> Prompt
How many lines below contain the word "from"? Answer with that number alone.

> Data shown
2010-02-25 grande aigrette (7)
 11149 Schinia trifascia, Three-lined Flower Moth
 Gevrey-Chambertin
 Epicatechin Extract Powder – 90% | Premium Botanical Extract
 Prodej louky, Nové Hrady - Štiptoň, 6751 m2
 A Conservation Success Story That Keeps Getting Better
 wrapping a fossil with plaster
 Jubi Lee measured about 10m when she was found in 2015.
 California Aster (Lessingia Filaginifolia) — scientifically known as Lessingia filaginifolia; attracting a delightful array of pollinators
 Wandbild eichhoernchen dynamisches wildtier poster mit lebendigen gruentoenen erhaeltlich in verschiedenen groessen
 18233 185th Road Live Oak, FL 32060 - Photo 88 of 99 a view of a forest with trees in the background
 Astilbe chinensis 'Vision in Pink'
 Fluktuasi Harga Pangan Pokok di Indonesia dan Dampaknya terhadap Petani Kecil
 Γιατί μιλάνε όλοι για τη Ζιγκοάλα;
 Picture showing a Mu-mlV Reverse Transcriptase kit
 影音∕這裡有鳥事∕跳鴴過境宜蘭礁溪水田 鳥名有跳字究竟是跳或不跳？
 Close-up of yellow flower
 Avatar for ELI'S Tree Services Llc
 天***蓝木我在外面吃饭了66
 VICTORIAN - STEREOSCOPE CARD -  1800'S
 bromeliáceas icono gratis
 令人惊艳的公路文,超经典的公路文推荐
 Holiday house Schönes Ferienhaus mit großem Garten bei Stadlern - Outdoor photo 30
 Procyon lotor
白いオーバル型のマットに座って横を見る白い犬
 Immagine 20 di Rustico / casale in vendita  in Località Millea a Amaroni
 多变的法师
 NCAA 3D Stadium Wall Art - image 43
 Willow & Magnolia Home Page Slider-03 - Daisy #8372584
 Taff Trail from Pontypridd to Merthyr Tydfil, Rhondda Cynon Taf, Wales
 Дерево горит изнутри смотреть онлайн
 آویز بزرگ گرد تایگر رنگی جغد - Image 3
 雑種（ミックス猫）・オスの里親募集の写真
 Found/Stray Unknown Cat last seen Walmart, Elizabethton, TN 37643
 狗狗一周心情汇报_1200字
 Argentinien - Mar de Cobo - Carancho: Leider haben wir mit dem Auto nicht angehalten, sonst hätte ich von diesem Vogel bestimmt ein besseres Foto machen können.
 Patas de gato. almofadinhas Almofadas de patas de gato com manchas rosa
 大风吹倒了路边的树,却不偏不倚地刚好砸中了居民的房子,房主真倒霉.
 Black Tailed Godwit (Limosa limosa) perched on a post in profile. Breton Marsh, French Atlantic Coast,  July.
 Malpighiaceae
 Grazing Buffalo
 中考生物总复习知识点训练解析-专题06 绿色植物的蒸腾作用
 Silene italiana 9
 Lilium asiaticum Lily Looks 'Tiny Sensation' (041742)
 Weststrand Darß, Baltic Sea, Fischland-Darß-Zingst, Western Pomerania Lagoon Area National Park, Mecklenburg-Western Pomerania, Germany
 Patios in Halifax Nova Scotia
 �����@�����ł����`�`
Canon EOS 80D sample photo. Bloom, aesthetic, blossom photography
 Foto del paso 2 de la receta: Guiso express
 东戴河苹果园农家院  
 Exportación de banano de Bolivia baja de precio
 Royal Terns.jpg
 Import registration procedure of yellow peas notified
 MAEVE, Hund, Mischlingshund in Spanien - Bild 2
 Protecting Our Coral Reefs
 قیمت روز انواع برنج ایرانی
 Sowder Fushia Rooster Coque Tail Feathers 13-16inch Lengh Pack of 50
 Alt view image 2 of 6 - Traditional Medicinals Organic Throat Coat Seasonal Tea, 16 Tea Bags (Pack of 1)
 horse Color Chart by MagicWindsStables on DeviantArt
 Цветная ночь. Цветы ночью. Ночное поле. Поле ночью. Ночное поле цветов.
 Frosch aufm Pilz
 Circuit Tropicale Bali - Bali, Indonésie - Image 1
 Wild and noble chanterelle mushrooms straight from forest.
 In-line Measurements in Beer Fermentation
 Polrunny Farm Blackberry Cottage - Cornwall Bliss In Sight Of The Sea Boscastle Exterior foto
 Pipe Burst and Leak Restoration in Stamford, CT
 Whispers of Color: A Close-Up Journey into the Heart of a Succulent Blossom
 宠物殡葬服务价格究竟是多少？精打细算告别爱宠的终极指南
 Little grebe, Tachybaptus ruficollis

> Exercise output
2